GM: I had her under my coat, jacket. I put it so...

KP: Do you remember what you ate that first night?

GM: Yeah, it was kinda like wieners and sauerkraut. Something like that. And then they had coffee cups, it was the army stuff. It was hinged, so every once in a while they'd just fall, just rotate, and you'd get hot coffee all over you.

KP: So when you finally got into your room, so who all was in, in your barrack?

GM: My mother and father and my brothers and my younger, two sisters.

KP: And what was in there?

GM: Oh, there were just the cots. We had canvas cots first and then they gave us metal cots later, but we had to sleep on this straw mattress, and there's no pillow, so we just took our trousers and wrapped 'em up, used those for pillows.

KP: So was the wind blowing when you got there?

GM: Oh, yes.

KP: During the night?

GM: Oh, yes. And then, and the wind was coming up through the floor. They used that rough green wood, so it had shrunken a little, in a lot of places it had shrunk, and you could see open spaces there.

KP: And what was on the outside of the building?

GM: It was, well, they had bulldozed the sagebrush, so it was just, like, sand, so the wind would just kick up the dust and be all over everything.

KP: What was your, do you remember what your, your family atmosphere was?
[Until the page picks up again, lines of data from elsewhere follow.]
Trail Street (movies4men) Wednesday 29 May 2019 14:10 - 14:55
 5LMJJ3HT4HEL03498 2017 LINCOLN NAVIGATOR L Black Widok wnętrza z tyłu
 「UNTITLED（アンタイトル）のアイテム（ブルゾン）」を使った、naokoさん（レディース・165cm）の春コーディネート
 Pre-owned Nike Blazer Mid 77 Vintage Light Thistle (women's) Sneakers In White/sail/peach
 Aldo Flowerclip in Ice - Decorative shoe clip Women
I mean, was it very solemn being there?

GM: We were so busy that... well, one thing is that since I was out of school and they sent me my diploma and everything, I had nothing to do, so my father heard -- it was about two months after we'd been there -- he heard that this mess hall in our block needed to be operational, so he volunteered myself and him to set up these stoves, heavy stoves. They came in big crates. We had to...
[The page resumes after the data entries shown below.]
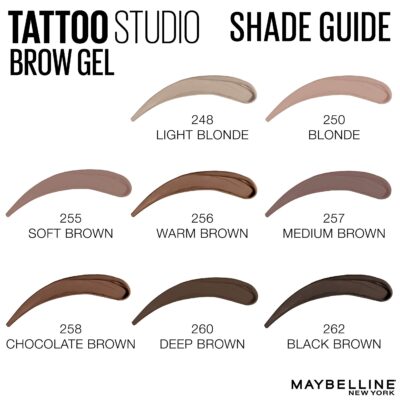 Maybelline TattooStudio Waterproof Eyebrow Gel Makeup, Blonde, 1 Count - Image 9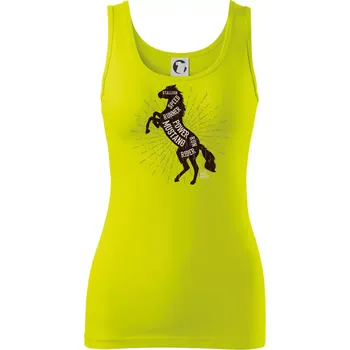Dámské tričko Horse mustang - Dámské tílko - M ( Limetková )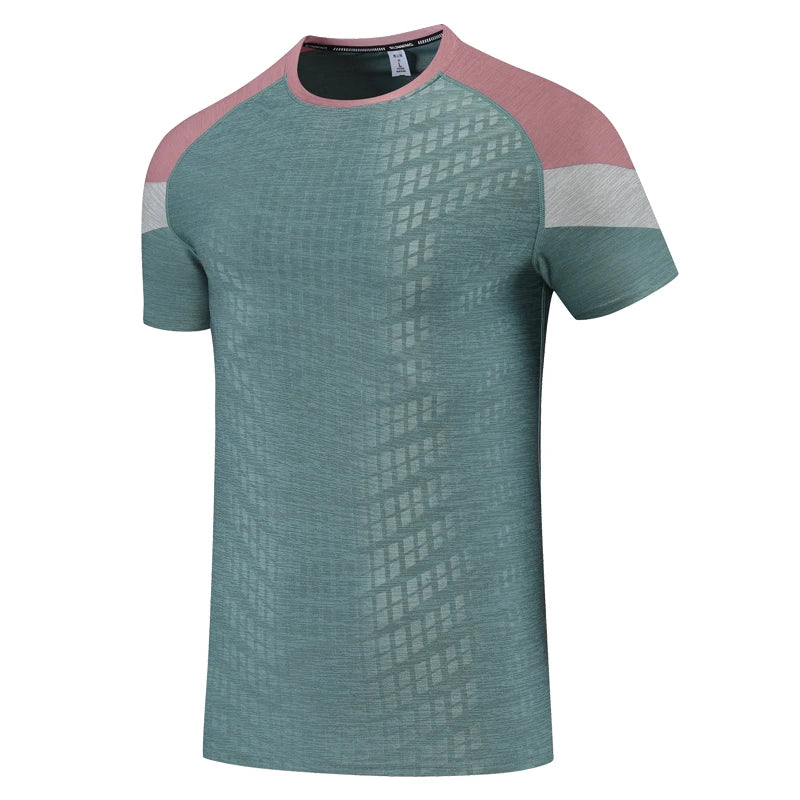 Mens Gym Fast Dry Breathable T-Shirt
KP: [Hands GM a picture] Does it look like that?

GM: Yeah. Yeah, that's it. And they were back to back. They had two on the side here and two on the other side, and there was space about so much in between. And we had crocks there, and that's where I used to make my home brew.

KP: And that's before the mess hall was finished?

GM: No, after, long time after that. And they had water spigots on top and we used to fill that water in here, but once you filled it up it was a bear to get (them) down there. And this is what we used to cook rice in. We used to have rice on the bottom part and then another one we put on top for the lid.